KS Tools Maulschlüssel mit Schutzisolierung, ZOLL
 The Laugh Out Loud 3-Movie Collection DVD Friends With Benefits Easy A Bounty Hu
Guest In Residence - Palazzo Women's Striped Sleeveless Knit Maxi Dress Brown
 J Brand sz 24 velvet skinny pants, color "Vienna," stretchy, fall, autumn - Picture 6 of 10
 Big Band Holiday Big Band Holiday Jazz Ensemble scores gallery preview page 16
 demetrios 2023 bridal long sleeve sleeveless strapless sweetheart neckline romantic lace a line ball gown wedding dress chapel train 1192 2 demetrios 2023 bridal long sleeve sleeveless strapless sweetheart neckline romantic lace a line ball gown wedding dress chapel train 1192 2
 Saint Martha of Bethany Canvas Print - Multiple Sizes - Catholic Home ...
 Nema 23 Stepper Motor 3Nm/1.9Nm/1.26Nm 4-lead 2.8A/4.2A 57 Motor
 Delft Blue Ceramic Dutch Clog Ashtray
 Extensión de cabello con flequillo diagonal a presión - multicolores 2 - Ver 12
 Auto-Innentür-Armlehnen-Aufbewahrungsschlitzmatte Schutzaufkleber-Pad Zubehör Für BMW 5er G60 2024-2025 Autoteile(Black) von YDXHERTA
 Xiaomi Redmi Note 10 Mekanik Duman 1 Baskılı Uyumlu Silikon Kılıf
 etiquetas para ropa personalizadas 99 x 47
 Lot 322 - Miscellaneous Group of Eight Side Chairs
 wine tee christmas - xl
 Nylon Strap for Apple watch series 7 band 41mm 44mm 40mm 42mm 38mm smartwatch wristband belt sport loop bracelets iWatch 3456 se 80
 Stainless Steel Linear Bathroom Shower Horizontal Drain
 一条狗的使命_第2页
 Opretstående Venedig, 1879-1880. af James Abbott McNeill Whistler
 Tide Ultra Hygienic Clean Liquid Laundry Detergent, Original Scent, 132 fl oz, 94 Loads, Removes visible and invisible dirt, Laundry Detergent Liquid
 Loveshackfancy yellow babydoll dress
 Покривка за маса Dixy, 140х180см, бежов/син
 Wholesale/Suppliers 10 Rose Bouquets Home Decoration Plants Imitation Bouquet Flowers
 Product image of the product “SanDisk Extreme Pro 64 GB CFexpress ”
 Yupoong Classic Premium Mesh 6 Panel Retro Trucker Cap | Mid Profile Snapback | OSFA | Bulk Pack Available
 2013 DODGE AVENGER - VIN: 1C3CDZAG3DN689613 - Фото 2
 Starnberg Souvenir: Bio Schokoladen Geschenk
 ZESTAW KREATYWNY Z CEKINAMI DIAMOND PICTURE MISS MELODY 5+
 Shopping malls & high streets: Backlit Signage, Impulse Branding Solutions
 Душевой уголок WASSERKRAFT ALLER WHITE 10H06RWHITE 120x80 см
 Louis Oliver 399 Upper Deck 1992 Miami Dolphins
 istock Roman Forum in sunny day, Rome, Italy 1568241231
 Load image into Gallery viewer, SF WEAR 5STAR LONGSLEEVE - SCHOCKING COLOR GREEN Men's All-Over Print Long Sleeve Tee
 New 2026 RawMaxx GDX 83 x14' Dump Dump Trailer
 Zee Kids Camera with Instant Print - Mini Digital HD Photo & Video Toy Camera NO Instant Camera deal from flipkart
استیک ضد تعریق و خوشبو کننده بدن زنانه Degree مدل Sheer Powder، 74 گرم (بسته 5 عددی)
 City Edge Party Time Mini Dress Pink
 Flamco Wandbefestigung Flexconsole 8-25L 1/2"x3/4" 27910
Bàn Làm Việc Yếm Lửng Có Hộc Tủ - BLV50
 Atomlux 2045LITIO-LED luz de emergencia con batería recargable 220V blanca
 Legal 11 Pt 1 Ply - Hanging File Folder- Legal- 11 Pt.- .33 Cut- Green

### [Description of the task]
Every line above should be retyped exactly as given.

### [Exercise response]
KS Tools Maulschlüssel mit Schutzisolierung, ZOLL
 The Laugh Out Loud 3-Movie Collection DVD Friends With Benefits Easy A Bounty Hu
Guest In Residence - Palazzo Women's Striped Sleeveless Knit Maxi Dress Brown
 J Brand sz 24 velvet skinny pants, color "Vienna," stretchy, fall, autumn - Picture 6 of 10
 Big Band Holiday Big Band Holiday Jazz Ensemble scores gallery preview page 16
 demetrios 2023 bridal long sleeve sleeveless strapless sweetheart neckline romantic lace a line ball gown wedding dress chapel train 1192 2 demetrios 2023 bridal long sleeve sleeveless strapless sweetheart neckline romantic lace a line ball gown wedding dress chapel train 1192 2
 Saint Martha of Bethany Canvas Print - Multiple Sizes - Catholic Home ...
 Nema 23 Stepper Motor 3Nm/1.9Nm/1.26Nm 4-lead 2.8A/4.2A 57 Motor
 Delft Blue Ceramic Dutch Clog Ashtray
 Extensión de cabello con flequillo diagonal a presión - multicolores 2 - Ver 12
 Auto-Innentür-Armlehnen-Aufbewahrungsschlitzmatte Schutzaufkleber-Pad Zubehör Für BMW 5er G60 2024-2025 Autoteile(Black) von YDXHERTA
 Xiaomi Redmi Note 10 Mekanik Duman 1 Baskılı Uyumlu Silikon Kılıf
 etiquetas para ropa personalizadas 99 x 47
 Lot 322 - Miscellaneous Group of Eight Side Chairs
 wine tee christmas - xl
 Nylon Strap for Apple watch series 7 band 41mm 44mm 40mm 42mm 38mm smartwatch wristband belt sport loop bracelets iWatch 3456 se 80
 Stainless Steel Linear Bathroom Shower Horizontal Drain
 一条狗的使命_第2页
 Opretstående Venedig, 1879-1880. af James Abbott McNeill Whistler
 Tide Ultra Hygienic Clean Liquid Laundry Detergent, Original Scent, 132 fl oz, 94 Loads, Removes visible and invisible dirt, Laundry Detergent Liquid
 Loveshackfancy yellow babydoll dress
 Покривка за маса Dixy, 140х180см, бежов/син
 Wholesale/Suppliers 10 Rose Bouquets Home Decoration Plants Imitation Bouquet Flowers
 Product image of the product “SanDisk Extreme Pro 64 GB CFexpress ”
 Yupoong Classic Premium Mesh 6 Panel Retro Trucker Cap | Mid Profile Snapback | OSFA | Bulk Pack Available
 2013 DODGE AVENGER - VIN: 1C3CDZAG3DN689613 - Фото 2
 Starnberg Souvenir: Bio Schokoladen Geschenk
 ZESTAW KREATYWNY Z CEKINAMI DIAMOND PICTURE MISS MELODY 5+
 Shopping malls & high streets: Backlit Signage, Impulse Branding Solutions
 Душевой уголок WASSERKRAFT ALLER WHITE 10H06RWHITE 120x80 см
 Louis Oliver 399 Upper Deck 1992 Miami Dolphins
 istock Roman Forum in sunny day, Rome, Italy 1568241231
 Load image into Gallery viewer, SF WEAR 5STAR LONGSLEEVE - SCHOCKING COLOR GREEN Men's All-Over Print Long Sleeve Tee
 New 2026 RawMaxx GDX 83 x14' Dump Dump Trailer
 Zee Kids Camera with Instant Print - Mini Digital HD Photo & Video Toy Camera NO Instant Camera deal from flipkart
استیک ضد تعریق و خوشبو کننده بدن زنانه Degree مدل Sheer Powder، 74 گرم (بسته 5 عددی)
 City Edge Party Time Mini Dress Pink
 Flamco Wandbefestigung Flexconsole 8-25L 1/2"x3/4" 27910
Bàn Làm Việc Yếm Lửng Có Hộc Tủ - BLV50
 Atomlux 2045LITIO-LED luz de emergencia con batería recargable 220V blanca
 Legal 11 Pt 1 Ply - Hanging File Folder- Legal- 11 Pt.- .33 Cut- Green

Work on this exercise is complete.